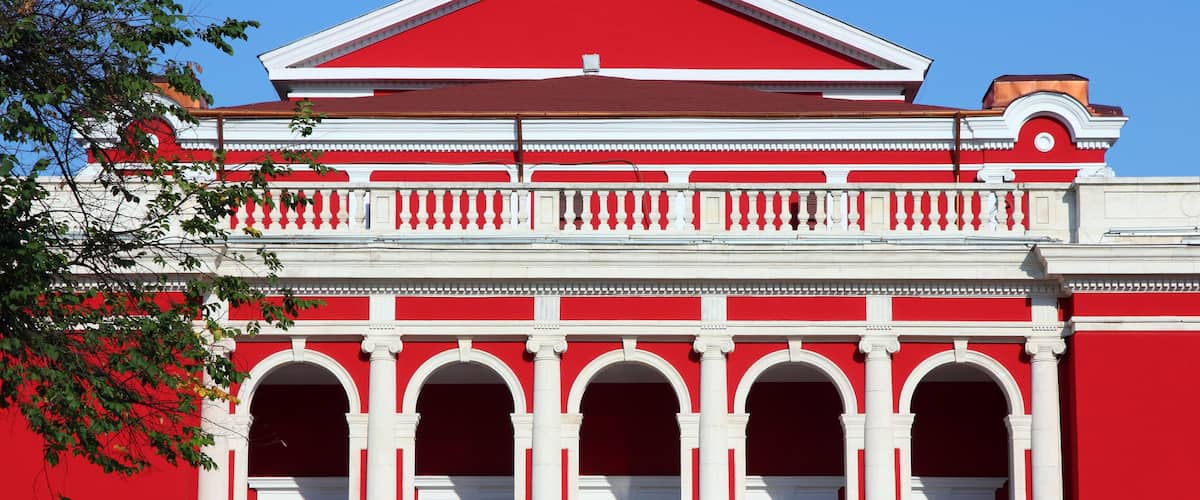 A red and white building with arched windows and columns.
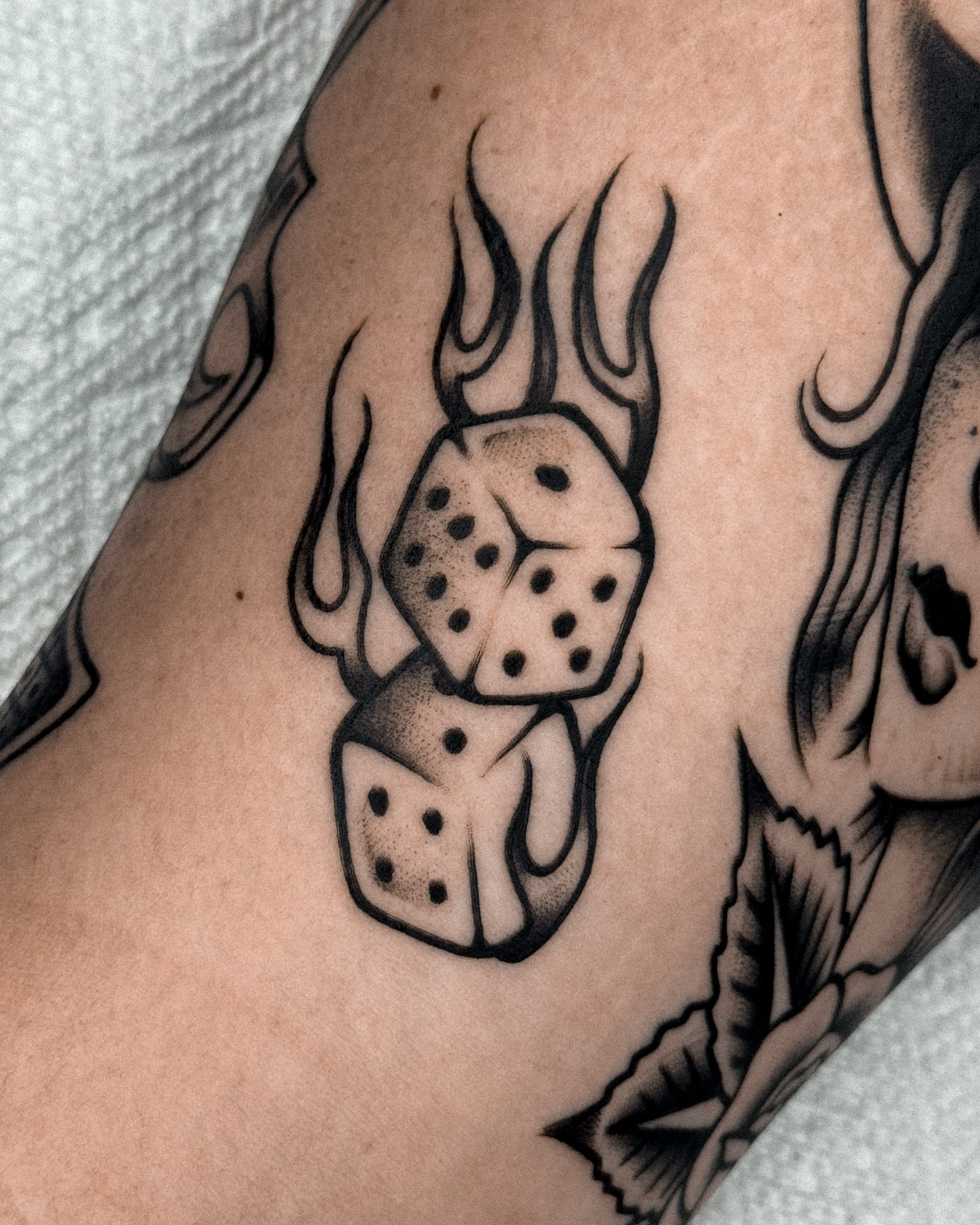 Flaming dice black and grey tattoo on the forearm by Samuel Dickey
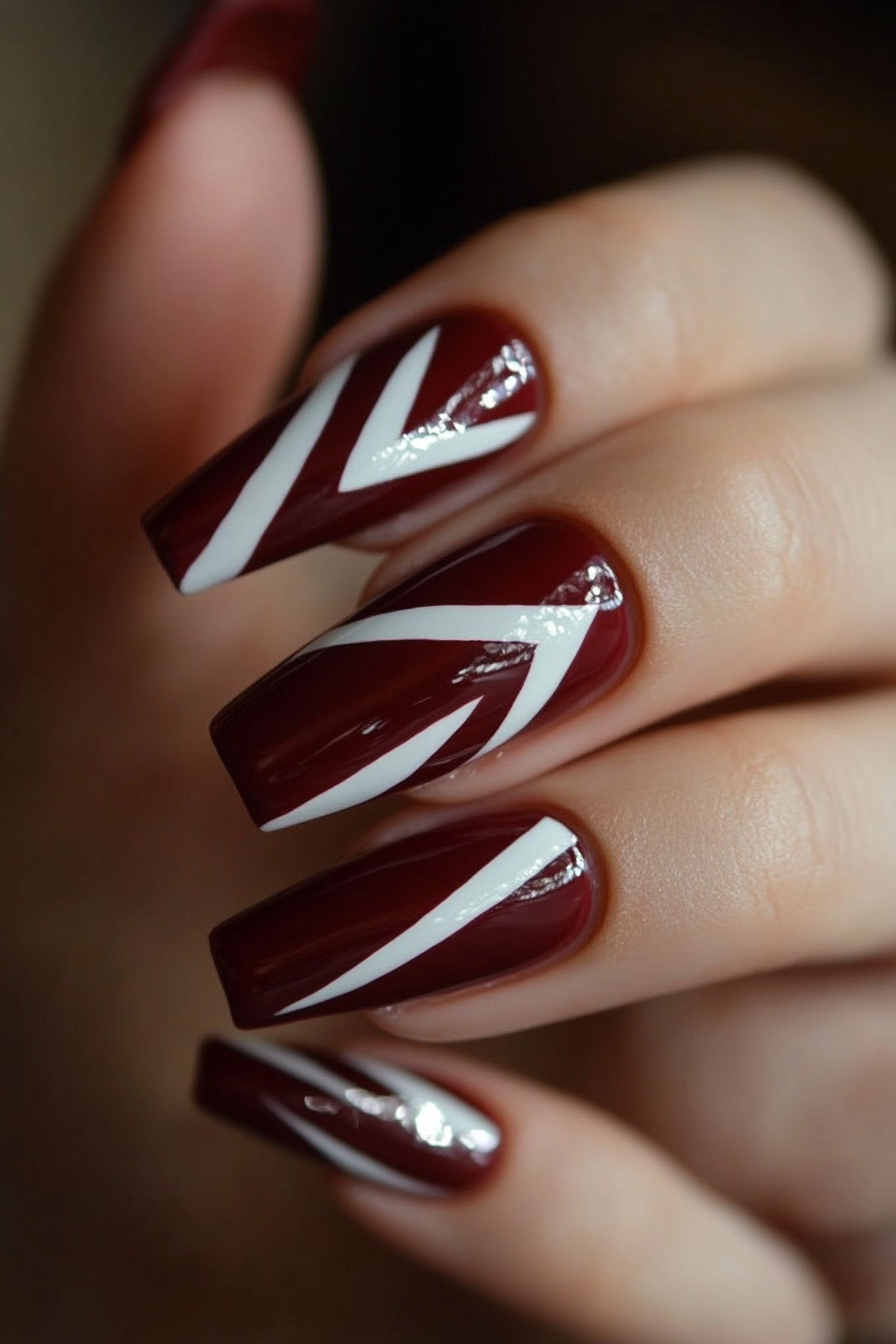 18. Burgundy and White Chevron Stripes (Long Nail Design Ideas) - Long Nail Design Ideas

> [Your task] Would you please give the material above again, unchanged but without pictures?

> [Answer section]
 A red and white building with arched windows and columns.
 Flaming dice black and grey tattoo on the forearm by Samuel Dickey
 18. Burgundy and White Chevron Stripes (Long Nail Design Ideas) - Long Nail Design Ideas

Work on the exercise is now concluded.